January 12, 2001
By Darlene Superville
The Associated Press
WASHINGTON Linda Chavez's decision to step aside as the nominee for labor secretary saved Hispanic groups from a difficult decision: to oppose one of their own.
The conservative Chavez can claim few friends among leaders of Hispanic civil rights and advocacy groups, but none had taken a formal position against her. Some appeared headed down that road, however.
Chavez withdrew from consideration Tuesday in the face of persistent questions about a Guatemalan woman, in the country illegally, who lived with her in the early 1990s, did some housework around Chavez's suburban Washington home and occasionally was given money by Chavez.
In stepping down, Chavez said she wanted to "put a human face on the story" and appeared at a news conference with two Hispanic women, one with two children, and a Vietnamese man and brought them to the microphone to speak about her generosity toward them when they needed help.
She decried what had happened to her since Sunday, when her ties to the woman, Marta Mercado, came to light, as typical of the Washington-style "politics of personal destruction." She said she was stepping aside to spare President-elect Bush further distraction.
"I believe that I would have made a great secretary of labor," Chavez said.
Her decision also spared Hispanic groups from having to make a tough choice.
The Mexican American Legal Defense and Educational Fund, which had expressed "serious concerns" about the nomination, praised her decision to step down.
"Our concern with Chavez heading the (department) began long before the news broke about her having an undocumented immigrant," said Marisa Demeo, MALDEF's Washington lawyer.
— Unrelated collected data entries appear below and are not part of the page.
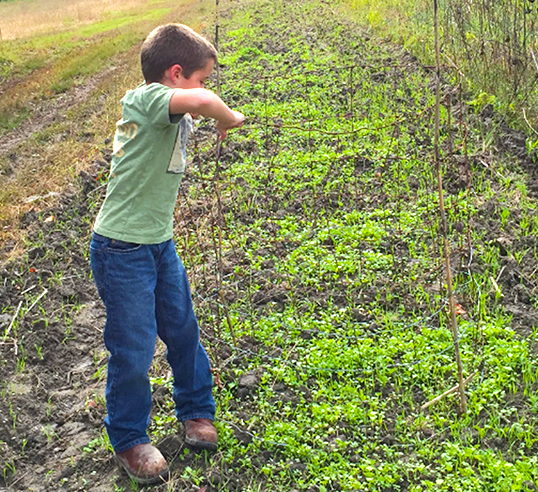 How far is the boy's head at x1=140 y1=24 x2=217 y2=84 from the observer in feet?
9.01

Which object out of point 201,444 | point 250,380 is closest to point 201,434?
point 201,444

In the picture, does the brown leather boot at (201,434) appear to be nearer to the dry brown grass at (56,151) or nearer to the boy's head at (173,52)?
the boy's head at (173,52)

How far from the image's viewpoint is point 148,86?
2.66 meters

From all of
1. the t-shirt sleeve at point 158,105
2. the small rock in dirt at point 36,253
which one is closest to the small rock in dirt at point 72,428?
the t-shirt sleeve at point 158,105

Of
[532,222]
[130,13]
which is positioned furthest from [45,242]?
[130,13]

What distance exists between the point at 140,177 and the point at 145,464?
1.23 metres

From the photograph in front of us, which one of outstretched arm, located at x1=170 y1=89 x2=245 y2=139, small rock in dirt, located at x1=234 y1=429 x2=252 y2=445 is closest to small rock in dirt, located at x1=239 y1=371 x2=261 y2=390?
small rock in dirt, located at x1=234 y1=429 x2=252 y2=445

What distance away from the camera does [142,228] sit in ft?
9.20

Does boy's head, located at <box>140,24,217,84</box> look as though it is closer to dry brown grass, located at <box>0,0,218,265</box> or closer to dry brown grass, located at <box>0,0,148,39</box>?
dry brown grass, located at <box>0,0,218,265</box>

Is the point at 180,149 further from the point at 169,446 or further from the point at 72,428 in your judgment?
the point at 72,428

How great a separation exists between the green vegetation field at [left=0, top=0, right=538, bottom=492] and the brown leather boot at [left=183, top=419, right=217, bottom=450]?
58 millimetres

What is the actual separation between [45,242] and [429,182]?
317cm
She cited Chavez's opposition to affirmative action, increases in the minimum wage and other labor laws.
The National Council of La Raza had called the selection "troubling," citing what the council considers Chavez's contempt for affirmative action and views "largely out of step with the interests of American workers."
"What has been very clear is that she has not received a ringing endorsement from any segment of the Latino community," said Lisa Navarette, spokeswoman for the National Council of La Raza.
With Chavez's decision, Hispanic groups got what they wanted without being put in the position of having to oppose one of their own for a top federal post.